Power Play - Paula Bennett not only has a big laugh and raucous personality, but a back story to rival John Key's.
Her path to politics, and now to her new job as New Zealand's second female Deputy Prime Minister, is is almost as well known as the outgoing Prime Minister's.
At 17 she became a single mum, she held jobs including truck stop waitress before taking on tertiary study. After working as electorate secretary for the National Party minister and back room dealer, Murray McCully, Mrs Bennett was elected as an MP in 2005.
Mrs Bennett plays up the bogan image but beneath that is a sharp mind and a determined politician - one who does not shy away from confrontation.
And she has been one of John Key's favourites.
He rocketed her into Cabinet after National's 2008 election victory, giving her the important social development portfolio - a move that surprised many.
For Mr Key, himself brought up by his mother in a state house in Christchurch, it was a risky appointment as National prepared to embark on sweeping welfare reforms, which included new work obligations for single parents.
The fact Mrs Bennett had been in that position herself exposed her to perhaps more criticism than she otherwise may have faced; people accused her of taking advantage of a opportunities she was denying to others.
She strongly denied that was the case, arguing it was no good for a parent, or a child, to have a family existing indefinitely on a benefit.
Another major focus for Mrs Bennett as minister was looking at how to improve the situation for children in poverty or in violent households.
Mrs Bennett is Māori but does not identify strongly as such, and while responding to the withdrawal of Simon Bridges as her sole rival, played down the significance of her being the first, Māori woman to hold the position of deputy in the National Party.
"I bring all of who I am to the job.
"Yes I'm a Māori woman and that would be new as well and one of the first... it's a whole of things of who I am and I hope I do it proud."
But it has not been a smooth path to the top for Mrs Bennett.
She provoked outrage when she released the details of two beneficiaries who had spoken out about cuts to a tertiary training allowance in 2010, which opponents described as a gross breach of privacy and abuse of power.
Mrs Bennett also apologised to the Prime Minister after it was revealed she had written letters of support for the father of her daughter's child, a convicted gang member, while an opposition MP, and not told Mr Key about it.

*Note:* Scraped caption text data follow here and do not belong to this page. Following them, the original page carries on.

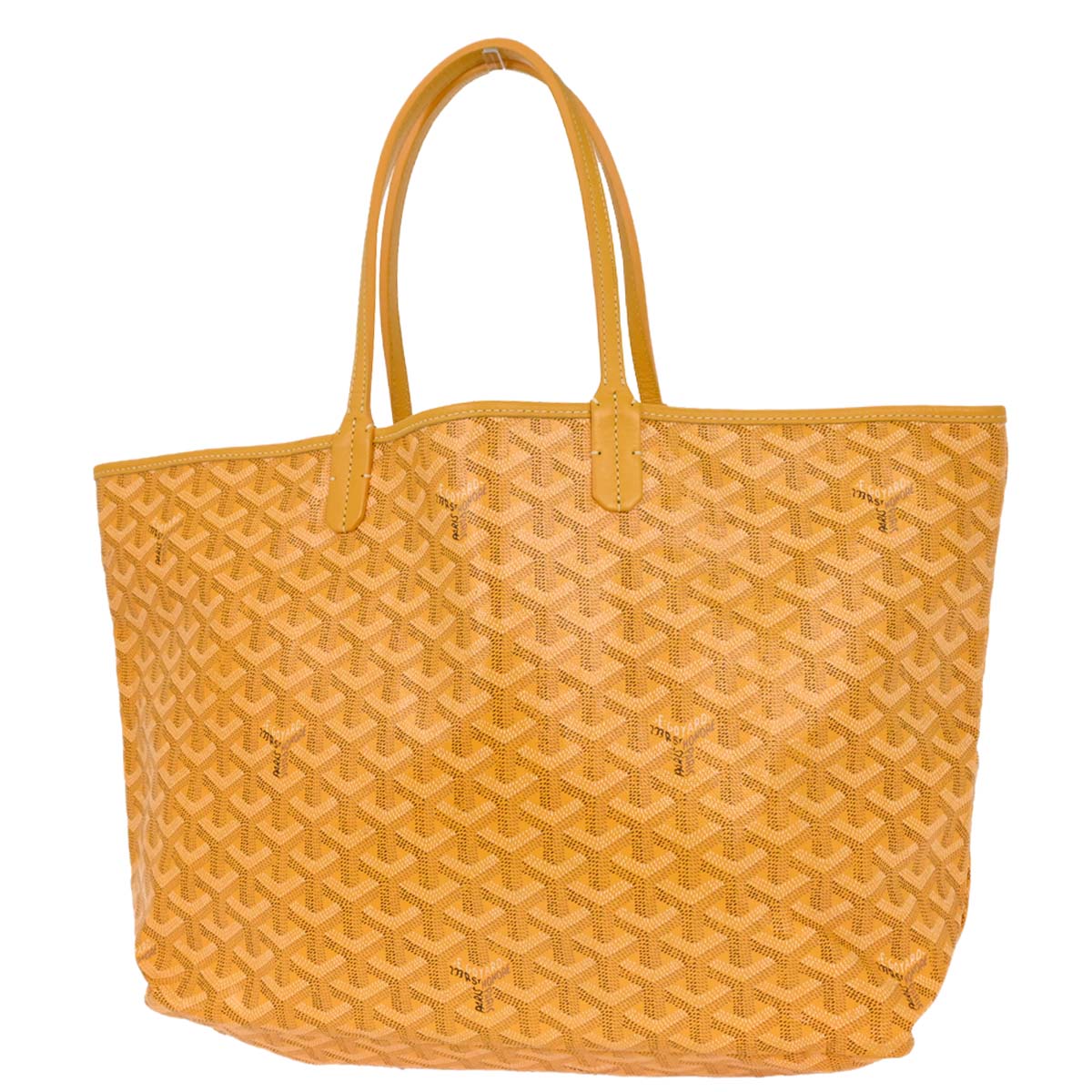 Goyard Yellow Saint Louis PM Tote Bag
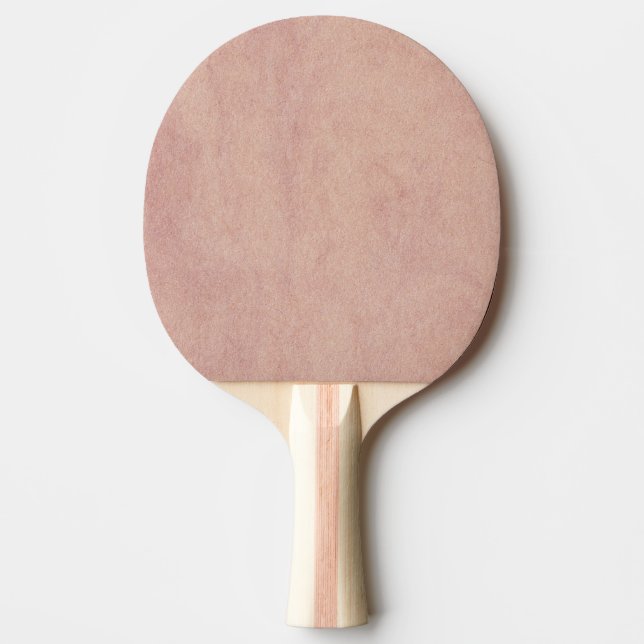 Raquete De Ping Pong Couro artificial (Frente)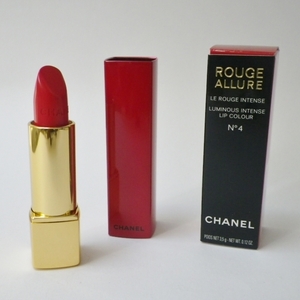  free shipping Chanel new goods N°4 rouge Allure lipstick limitation color hard-to-find rare 2017 Christmas limitation Hori te- collection 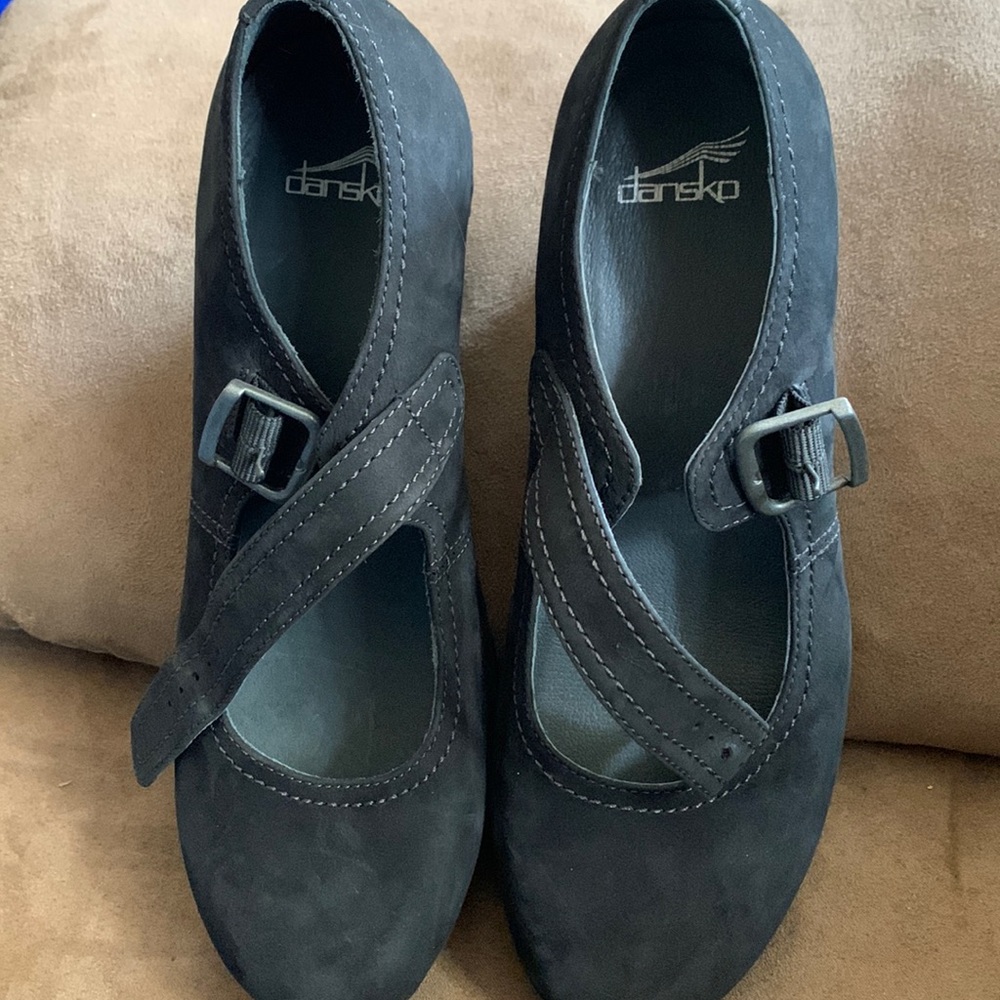 Dansko wedge shoes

But a story that did her and her "Westie" image no harm was about her breaking up a fight between a group of teenage girls outside a West Auckland mall, skills that may come in handy as deputy leader.
In the last few years however, Mrs Bennett has made an obvious effort to take on heftier portfolios (including climate change that she cheerfully admitted she knew nothing about), and associate finance, where she has worked closely with the presumptive Prime Minister Bill English.
She also has the social housing portfolio and admits herself it hasn't been easy year, as part of the group of senior ministers, alongside Mr English and Nick Smith, grappling with housing unaffordability in Auckland in particular.
Mrs Bennett's finely tuned political antennae may have quivering as John Key's tenure drew on, and the realisation that in the coming years a new leadership team would have to be decided.
No one, least of all Mrs Bennett, expected it would come so quickly.
While she says she is "confident" her position will be formalised by the caucus, she is taking Mr English's lead and deferring any talk about the future under their leadership until formally installed.
But over the glass of champagne she says she will be enjoying, Mrs Bennett will very much have her eye on the future.